Even the car itself could be called an "accelerator" (in the
sense of "something that is accelerating") while it is accelerating.
However, "accelerator", when used in regard to a car, is a precise
technical term, and it means only one of these things - the throttle.
If a word could be expected to have any meaning that might be
considered plausible for it regardless of the context, communication
would be very difficult.
Even physicists use their words this way. If one physicist tells
another that he just acquired a "linear accelerator" for his
lab, it's clearly understood that his new toy is an atom smasher,
as opposed to, say, a slingshot that he's planning to use to
accelerate small masses in a straight line toward his lab
assistants when they're not looking.
> If you don't believe it, ask a physicist. It's just another abused word.

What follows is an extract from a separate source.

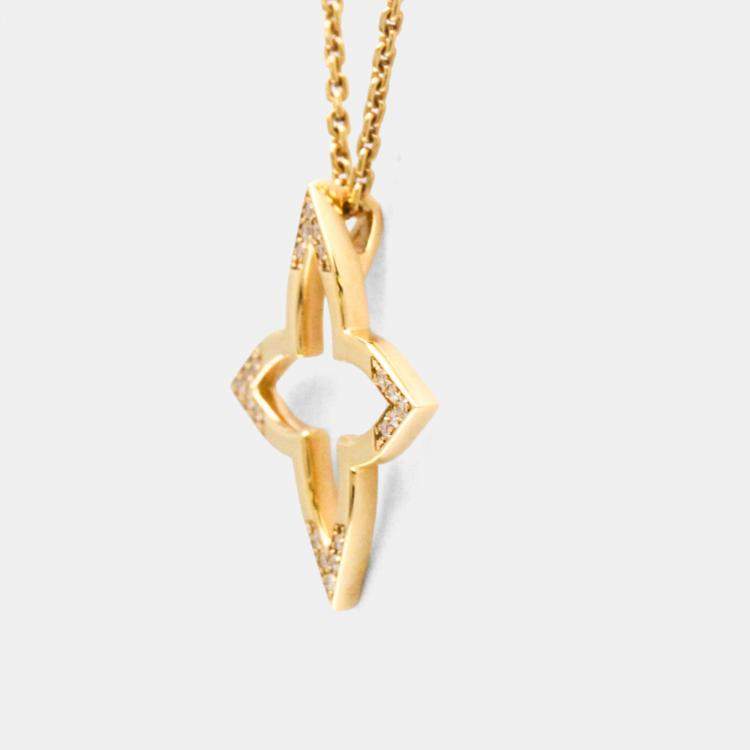 Pre Owned Louis Vuitton Ombre Blossom Diamonds 18K  Pink Gold Diamond Pendant Necklace 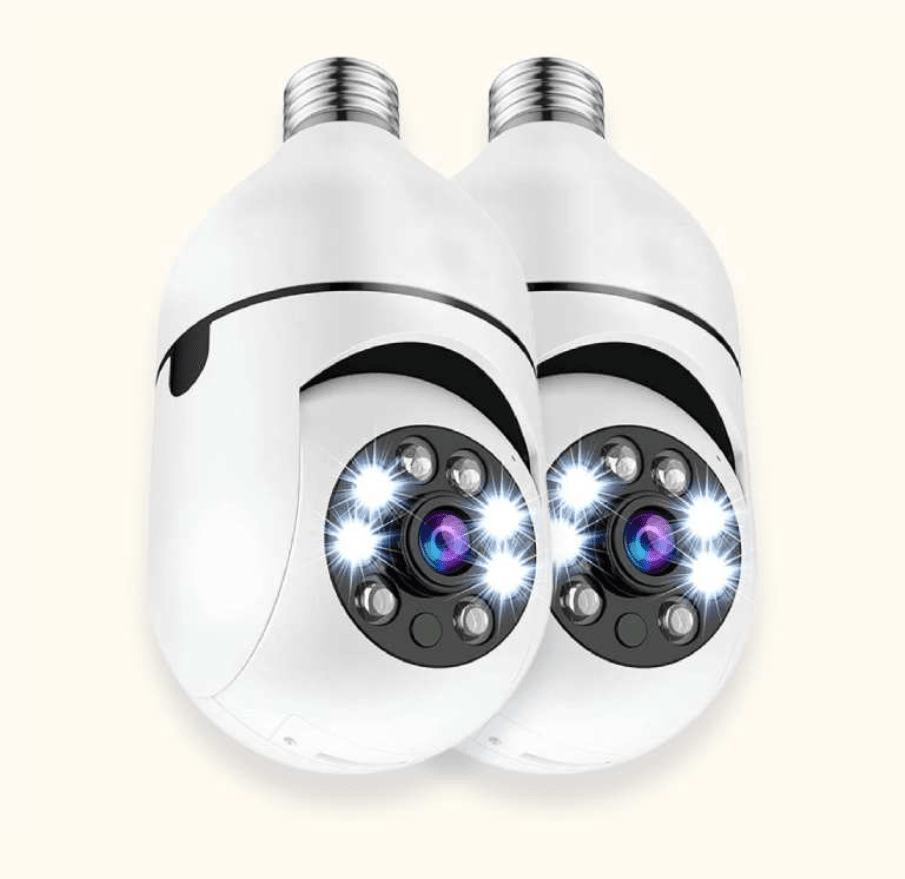 "Weiße 360° WLAN-Sicherheitskamera mit HD 1080p, Nachtsicht und Mikrofon, kugelförmiges Design, für umfassende Überwachung."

I think we would be very hard pressed to find a single physicist who,
while teaching his teenage daughter to drive the family Vanagon
[OBLIGATORY VOLKSWAGEN CONTENT], will say "we're coming
to a stop sign, so now press down on the accelerator..."
> Andrew
-Steven Sittser
(P.S. - I had some fun in high school Physics class one day telling
friends that our lab had just purchased a "photon cannon". When they
questioned the teacher - a good sport - he agreed, despite the
fact that all we had was a new spotlight for optics experiments.